*Description of the task*.
Print word for word whatever lies between the first line of the material and the line holding "Waiting for test", both included, and omit all pictures.

*Given information*.
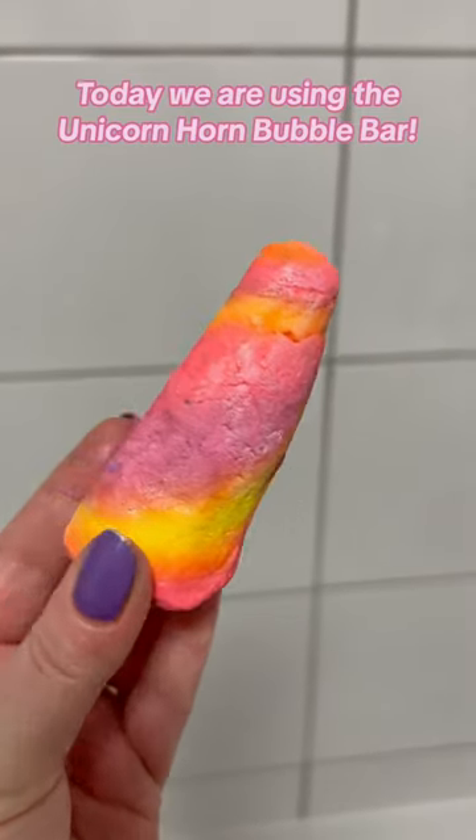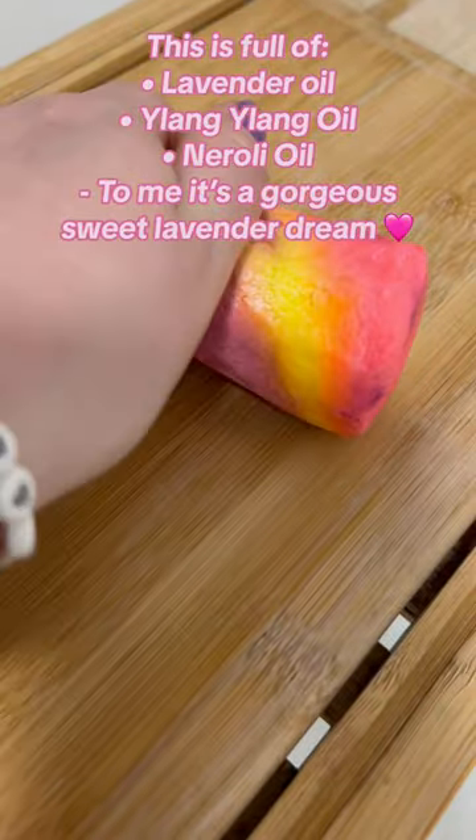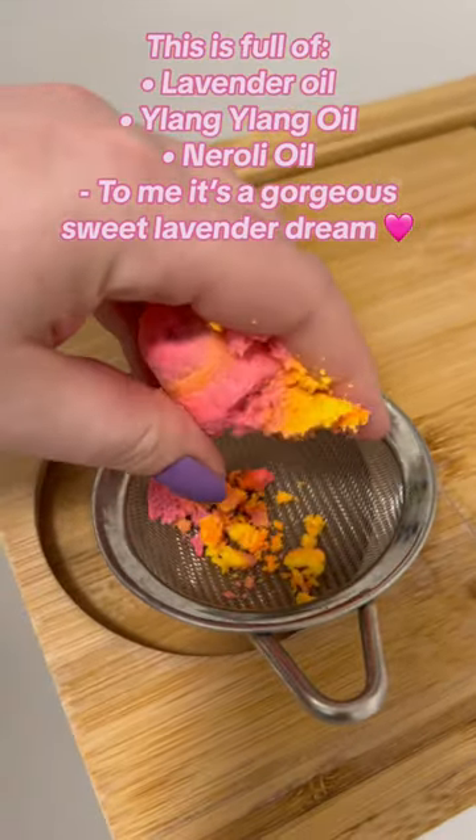Today we are using the Unicorn Horn Bubble Bar. This is full of Lavender Oil, Ylang Ylang Oil, and Neroli Oil. To me, it's a gorgeous sweet lavender dream.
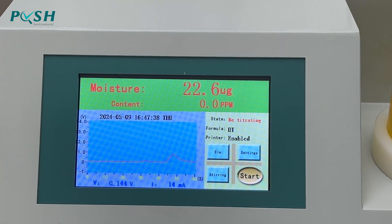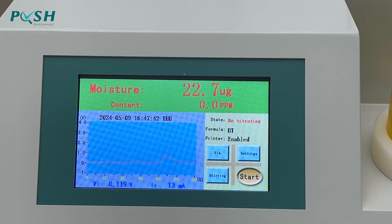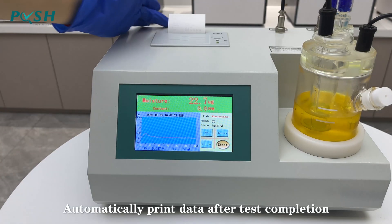Waiting for test results. Data is automatically printed after test completion.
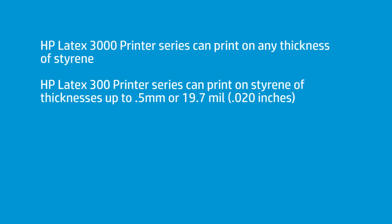First, the big printers — the Latex 3000, 3100, 3500 — you can print styrene until the day is long, in virtually any thickness. The smaller printers, yes, you can print on styrene, but there are some restrictions.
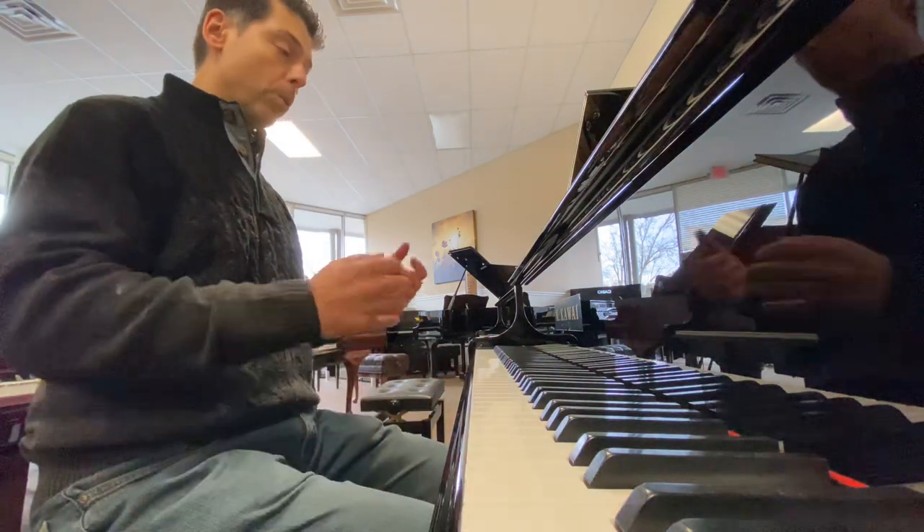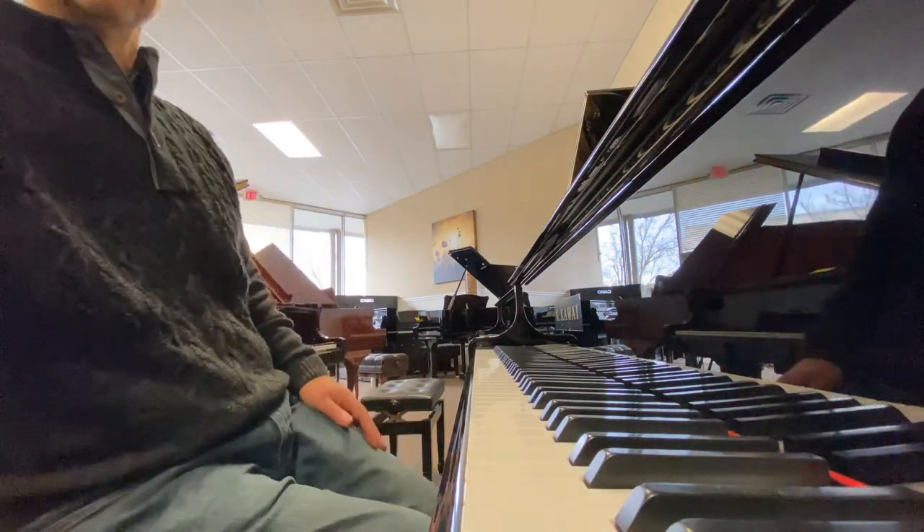Wow, what a piano. That's your Kawai GL40. Thank you.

*Problem solution*.
Today we are using the Unicorn Horn Bubble Bar. This is full of Lavender Oil, Ylang Ylang Oil, and Neroli Oil. To me, it's a gorgeous sweet lavender dream.
Waiting for test results. Data is automatically printed after test completion.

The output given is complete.